Investments in private equity and real estate gained ground this year with members of Tiger 21, an investment club for the ultra-wealthy, according to the Tiger 21 Member Favorites Survey released Monday.

Public equities are still the favored investment vehicle, but it declined in preference. Thirty-five percent of Tiger 21 members favor public equities this year compared to 41 percent in 2013.

Private equity gained 2 percent to come in as the favorite for 19 percent of the members and real estate gained 1 percent to come in third place at 16 percent, the survey says.

For the first time, the survey asked members how their private equity allocations break down. Sixty-three percent of private equity investment is allocated to direct investments in members’ own companies, another 17 percent went to private companies that are not their own, and the remaining 20 percent goes to funds.

“Private equity continues to be a growing focus for our members and for good reason.
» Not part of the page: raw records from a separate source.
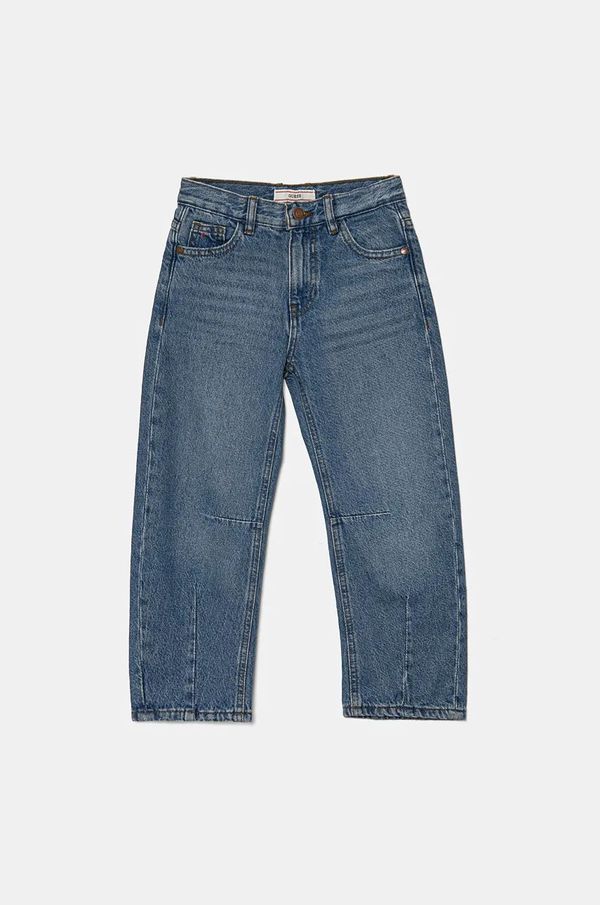 Guess Dječje traperice Guess L4BA09 D5D70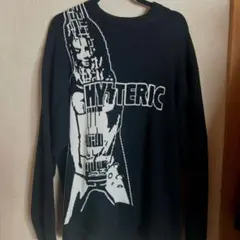 ヒステリックグラマー
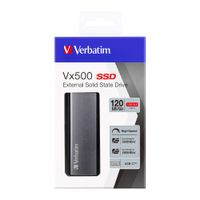 Miniatura 4 de VX500 EXTERNAL SSD USB 3.1 G2 120GB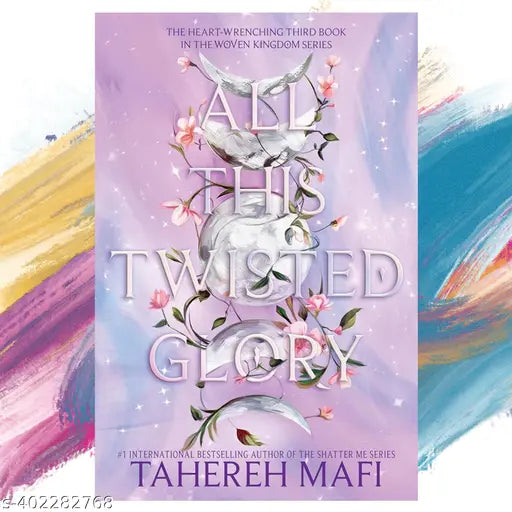 All This Twisted Glory: This Woven Kingdom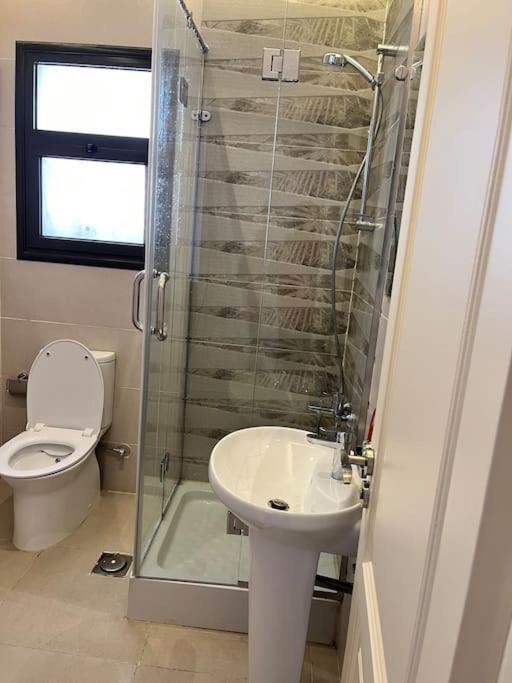 Stylish 2-bedroom In Celia Compound, New Administrative Capital *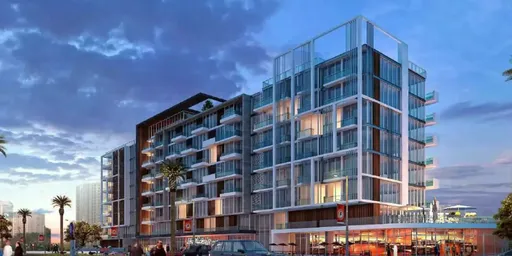 Azizi Riviera 14 New Development #1 Azizi Riviera 14 New Development #1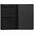 Еженедельник-портфолио недатированный Remini, черный с логотипом в Самаре заказать по выгодной цене в кибермаркете AvroraStore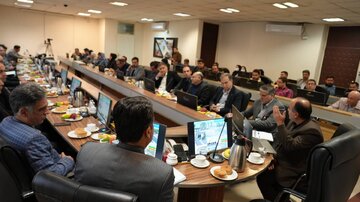 ارتقای کیفیت آسفالت از مهم‌ترین عوامل افزایش عمر جاده‌ها و کاهش هزینه‌های نگهداری است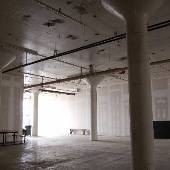 Gaslight Square (Warehouse)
Members feel that investing in private equity is something they understand because so many members created their wealth in private companies,” says Michael Sonnenfeldt, founder and chairman of Tiger 21.
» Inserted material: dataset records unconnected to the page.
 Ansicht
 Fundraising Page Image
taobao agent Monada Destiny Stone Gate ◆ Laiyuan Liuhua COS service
Tiger 21 has 290 members who manage $30 billion in wealth.

“Also, members like the superior access to information in private companies, so they are often among the first to learn about problems so they can pitch in and help solve them,” he adds.

For real estate, residential real estate investments are the favored vehicle, over commercial.

The most common public equity investment is individual stocks at 43 percent, a 7 percentage point decrease from 2013 and a full 14 points below 2012. ETFs, at 25 percent, gained four percentage points from last year, followed by mutual funds/long-only funds at 17 percent and hedge funds at 14 percent.

The most popular equity sectors, according to respondents, are financials, followed by consumer discretionary and energy, technology and health care.